Per Antonello tutte le persone che ha fotografato e fotograferà,  SONO: sono persone che hanno una loro bellezza, unicità, eleganza, intensità ed individualità. Conosce ogni soggetto che è stato fotografato, il loro nome e la loro storia, e quasi sempre si è preso il tempo  di vivere almeno qualche giornata insieme. Spesso, eccetto quando la cosa è materialmente impossibile, lascia loro la foto che li vede protagonisti dello scatto. Queste persone non sono vissute come soggetti fotografici ma anzi sono visti da Antonello come protagonisti della loro stessa vita, con tutte le sue contraddizioni: belli, segnati, vitali, disperati, comici, tragici, tormentati, allegri… e’ a questo punto che Antonello mi spiega che i suoi non sono gli scatti “rubati” di un reporter che si porta via un’immagine “attraente” e se ne scappa via. Fotografando in determinati contesti, si espone totalmente una persona che in molti casi non potrà mai difendersi o fermarti o denunciarti, e proprio per queste motivazioni il “rubare” uno scatto dalla vita di qualcun altro è un’azione che può essere estramente violenta dal punto di vista di chi la subisce : ” I soggetti che fotografo desidero farli sentire Belli, importanti e non ho la falsa presunzione di dare loro una cosiddetta “dignità”, dignità e’ una parola stra-usata ed abusata –  ed inoltre sono convinto profondamente che tutte queste persone ce l’abbiano già, la loro dignita’. Si dovrebbe essere super-rispettosi sempre in questo lavoro, la mia gratitudine verso tutte le persone che mi hanno regalato degli sguardi, del tempo delle loro vite, e’ grande. Considero tutto questo ogni volta un regalo. Mi sento in debito e spero che arrivi questo mio sentimento di rispetto e gratitudine verso persone a cui viene data troppo poca voce e che sono lasciate economicamente – e non solo – ai margini.”

La fotografia a colori di Antonello vuole essere fotografia politica: in un Brasile dove i colori servono per vivere, per rendere migliore una vita non facile, questi stessi colori dentro alle sue fotografie sono in aperta contrapposizione a quelli di un Occidente dove invece la fotografia a colori serve ormai da tempo quasi esclusivamente per vendere prodotti.

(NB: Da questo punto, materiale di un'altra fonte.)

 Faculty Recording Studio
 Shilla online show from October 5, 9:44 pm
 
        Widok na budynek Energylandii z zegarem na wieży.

Con i colori relegati dentro ad immagini pubblicitarie affisse su cartelloni o su pagine più o meno patinate. “In questa parte di mondo i colori, dentro a questo degrado urbano, rappresentano la forza vitale, la voglia e l’amore per la vita stessa, nonostante tutto.  Attraverso l’uso del colore una fotografia e’ per me una fotografia politica, ed è evidente quale possa essere la mia affinità o il mio schieramento: io sto dalla parte di chi vive sulla propria pelle una profonda disuguaglianza sociale.”

Antonello mi dice poi che molte delle sue fotografie non saranno mai pubblicate sulla sua pagina Facebook, perchè andrebbero inserite in una serie di più’ fotografie, dentro un contesto di conoscenza e divulgazione più complesso e strutturato. Il suo sito, rinnovato, è ormai pronto per chi volesse visitare ed approfondire  (http://antonelloveneri.com), ed i suoi progetti sono molti…

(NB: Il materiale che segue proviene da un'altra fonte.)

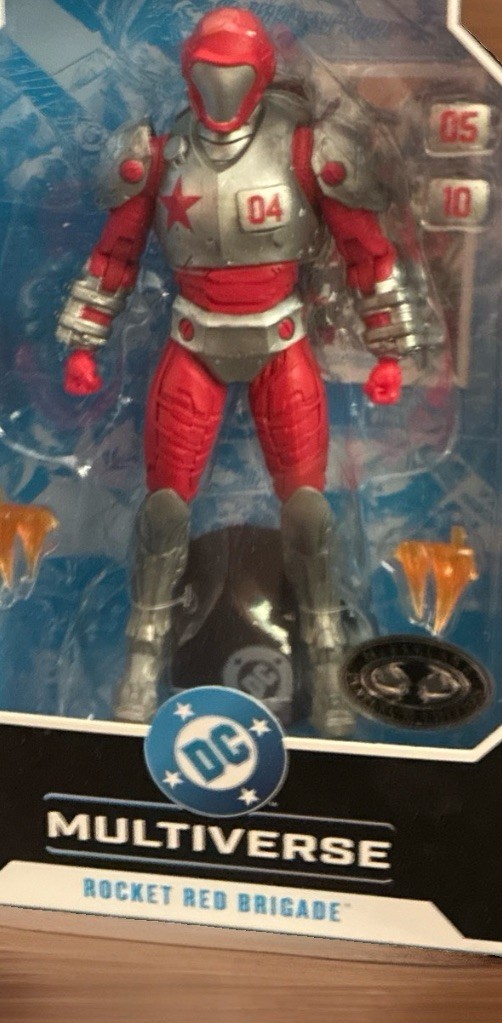 McFarlane DC Multiverse Rocket Red Brigade Platinum Edition 7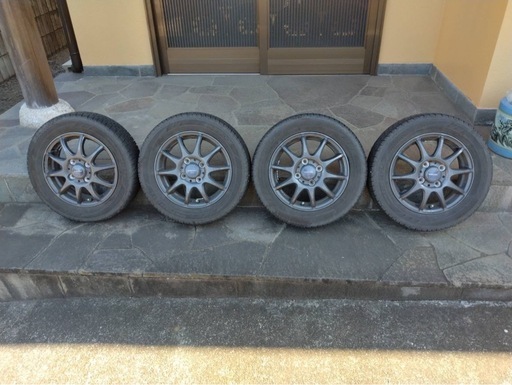 【値下げ中】スタッドレスタイヤ 4本セット ホイール付き 155/65/R13 軽自動車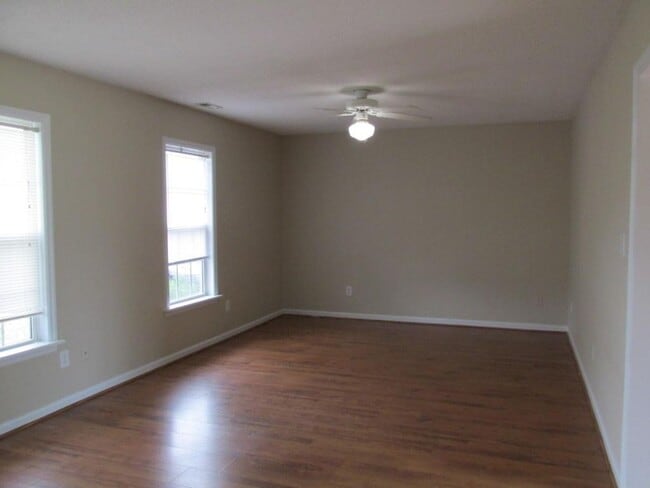 1002 Birch Ct in Morehead City, NC - Building Photo - Building Photo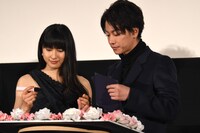 「8年越しの花嫁 奇跡の実話」大ヒット舞台挨拶の様子。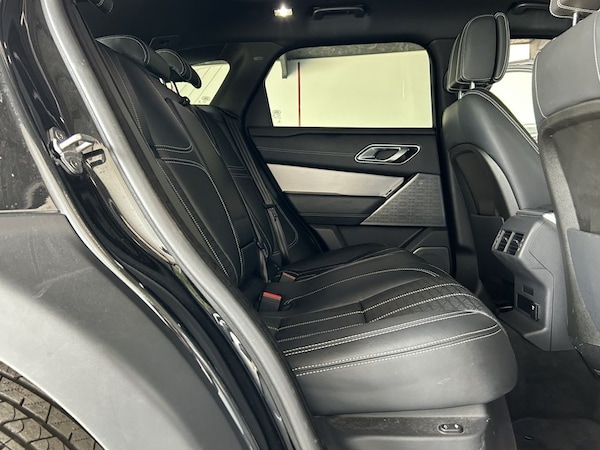 Used Land Rover Range Rover Velar 2017 for sale - 74424076: Photo 16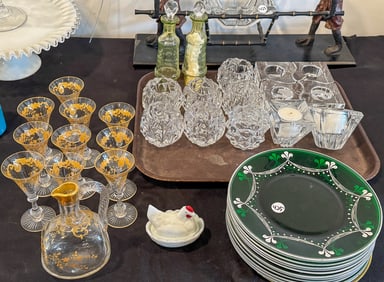 TRAY LOT OF GLASSWARE, INCLUDING DESIGNER VOTIVES AND GOLD ENCRUSTED CORDIAL SET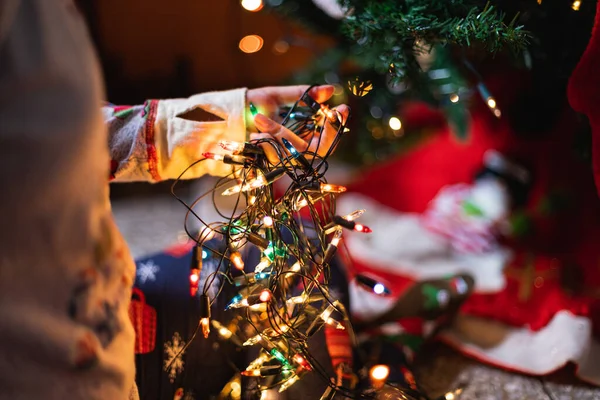 Primer Plano Una Persona Pijama Acogedor Sosteniendo Luces Navidad Iluminadas —  Fotos de Stock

Da circa un anno sta portando avanti un lavoro fotografico nel Complexo da Marè a Rio de Janeiro “Interiores da Marè”: ritratti di famiglia dentro casa,  come si faceva una volta,  per mostrare un lato della città che incredibilmente non è stato mai documentato da un punto di vista sociale. Anche insieme a queste persone, che spesso vengono considerate “ultimi”, Antonello ha con-vissuto e con loro ha condiviso la vita di tutti i giorni nelle favelas (o preferibilmente comunidad n.d.r.), con l’intento di dare un volto anche a questa parte della popolazione dimenticata dalla città. “E’ incredibile che non sia mai stato realizzato in Brasile un progetto sistematico di documentazione della vita quotidiana degli abitanti di queste comunidad.”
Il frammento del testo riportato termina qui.